Yang pertama sekali yaitu Ali bin Abi Thalib, lalu Abbas bin Abdul Muthalib serta kedua putranya, yakni Fadzl dan Qutham, Usama bin Zaid, dan pembantu Nabi. Pembantu Nabi, Syuqran, bertindak menuangkan air. Sedangkan Sayyidina Ali bin Abi Thalib yang memandikannya berikut baju yang dipakainya.
Pada saat memandikan jenazah Rasulullah SAW, mereka mendapati harumnya tubuh Nabi sehingga Sayyidina Ali berkata: “Demi ibu dan bapakku, alangkah harumnya engkau di waktu hidup dan di waktu engkau wafat."
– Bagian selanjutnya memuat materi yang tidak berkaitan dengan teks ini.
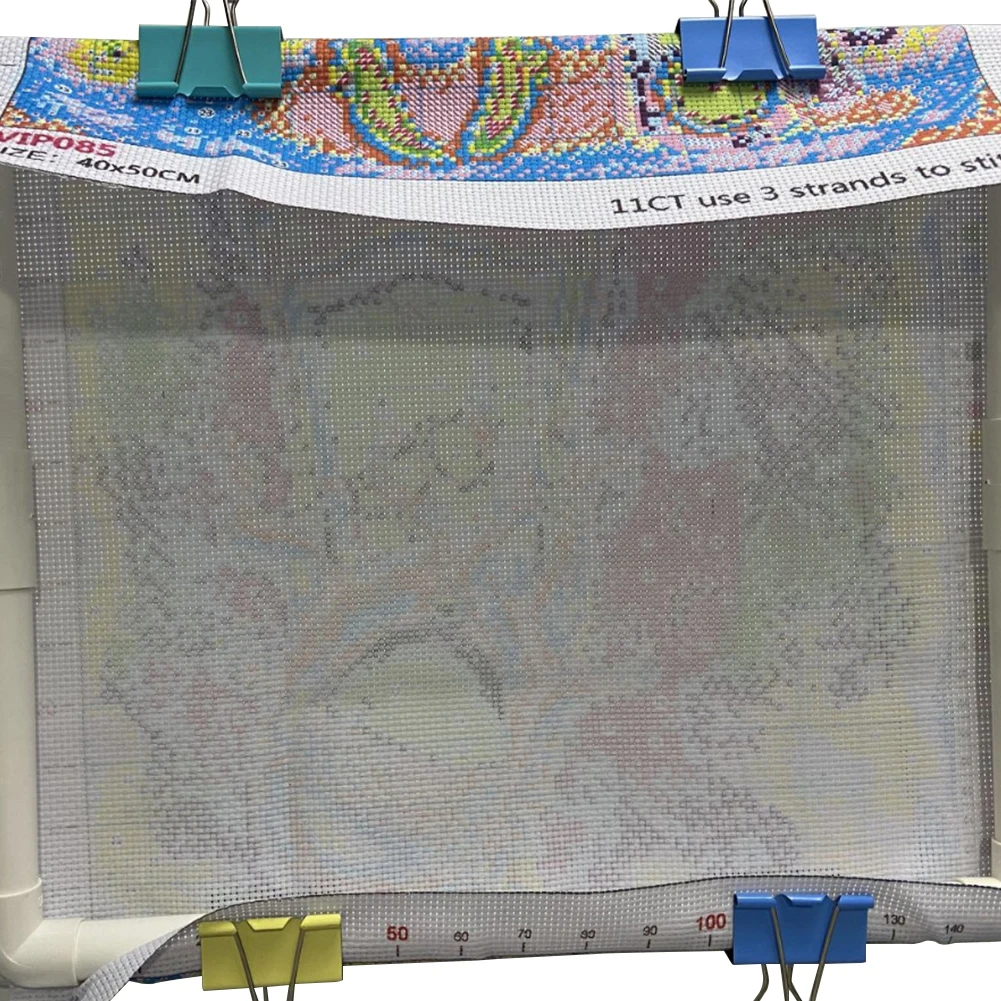 Рамка для вышивки крестом из ПВХ, ручная работа, рамки для квилтинга «сделай сам», вспомогательный аксессуар для вышивки крестом, квилтинга для шитья
Рамка для вышивки крестом из ПВХ, ручная работа, рамки для квилтинга «сделай сам», вспомогательный аксессуар для вышивки крестом, квилтинга для шитья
Selesai dimandikan dengan mengenakan baju yang dipakai Nabi itu, Nabi kemudian dikafani dengan tiga lapis kain. Yakni dua Shuhari (berasal dari nama sebuah desa di Yaman) dan satu pakaian jenis burd hibara dengan sekali dilipatkan. Usai penyelenggaraan dengan cara demikian, jenazah dibiarkan di tempatnya.
Pintu-pintu kemudian dibuka untuk memberikan kesempatan kepada kaum Muslimin yang memasuki tempat itu dari jurusan masjid untuk mengelilingi serta melepaskan pandangan perpisahan kepada Nabi. Mereka pun mengucapkan doa dan mengiringi kepergian Nabi dengan shalawat.